As I have mentioned in my previous blogs, I try not to spend too much time thinking about Eric’s brain cancer and the possibility for it to return. However, the week of his MRI’s and follow-up doctor appointments, I can’t help but find myself being a little more anxious than normal.
Last Tuesday Eric went to University of Vermont Medical Center for his routine MRI. He always likes to get a late day appointment to limit his wait time at the hospital. No matter the time of day, me and the kids go with him. This time was no different. We all loaded in the car, walked down to the MRI wing of the hospital, kissed Eric on the head and he was off to get scanned. Since his appointment was around dinner time, while Eric was in getting scanned, me and the kids ate dinner in the hospital cafeteria. Shortly after we were done eating, Eric was finished with the MRI and we walked back through the hospital to go home and await for the results of the scan the next day with his Oncologist.
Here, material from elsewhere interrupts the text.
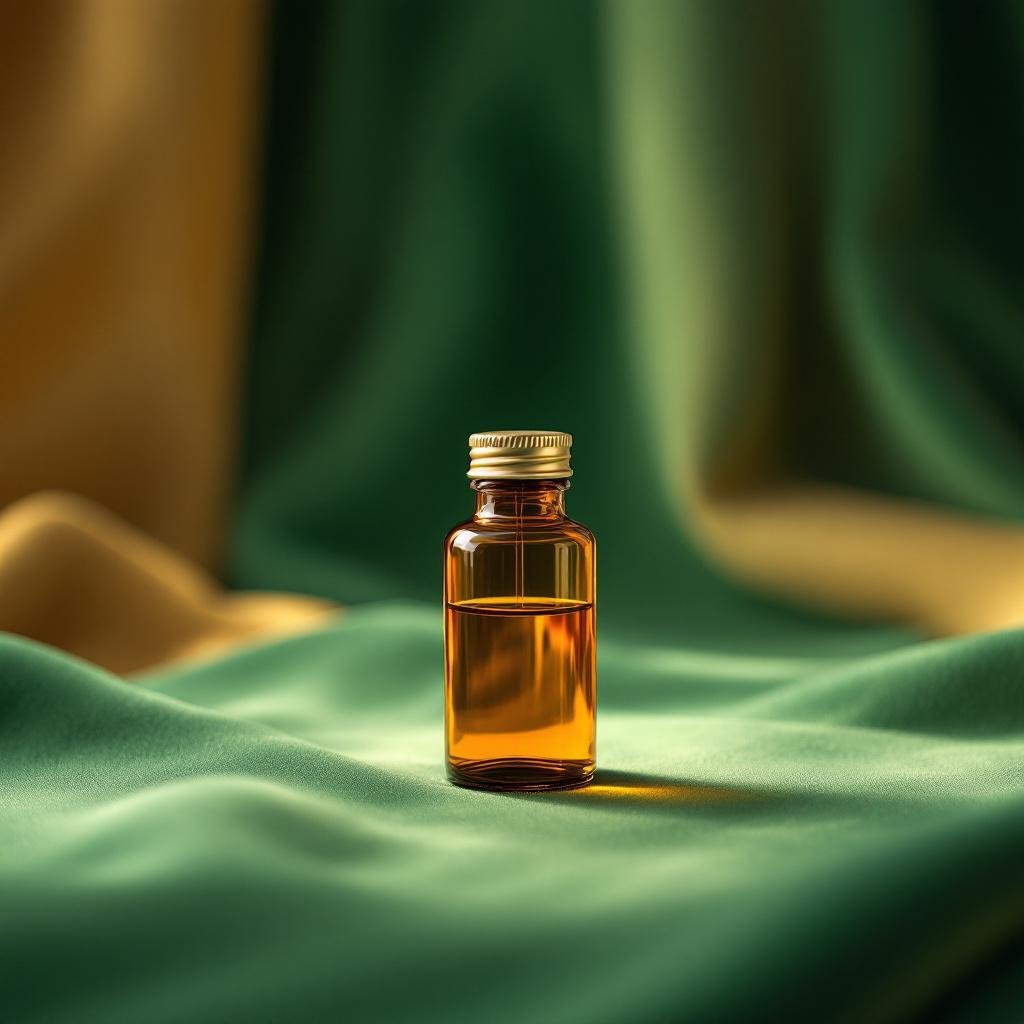 A single injectable vial photographed under even editorial light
It isn’t the MRI itself the gets me nervous, it is waiting for the results. I will find myself looking at the clock frequently at work as I wait to leave in accompanying Eric to the doctor’s office. In preparation for hearing the results, I will play through the scenarios in my head of what the results could be in anticipation of what the doctor will say.
Eric and I met up at the Oncology office for his late afternoon appointment. As soon as I walked in, I noticed myself paying attention to the nurses and office staff, watching how they interacted with us. If they seemed sad, did it mean that they had bad results? Eric filled out some paperwork in the waiting room, and then nurse called us back to the room. I could feel my palms getting sweaty and my heart starting to race. As we walked to the room, the doctor was in the hallway talking to another nurse – he didn’t look at us as we walked by – oh, no that couldn’t be good.
We waited in the room for a mere minutes, which seemed like hours. I heard the doctor open the door, looked at him, still trying to analyze his body language in anticipation of what he was going to say. Then the words came out of his mouth:
YOUR SCAN LOOKS PERFECT!
Ahh, I immediately relaxed, and found myself smiling. From there on out, it didn’t matter what the doctor had to say. My perfect Eric was still perfect.
Even though it has been over three years since Eric’s initial diagnosis, the anticipation of the results don’t seem to get any easier for me. I still get nervous with wonder in hoping that everything still looks clean on the MRI. We are blessed that Eric has continued to be a survivor of this disease and the results of his February 10th scan still are as perfect as he his.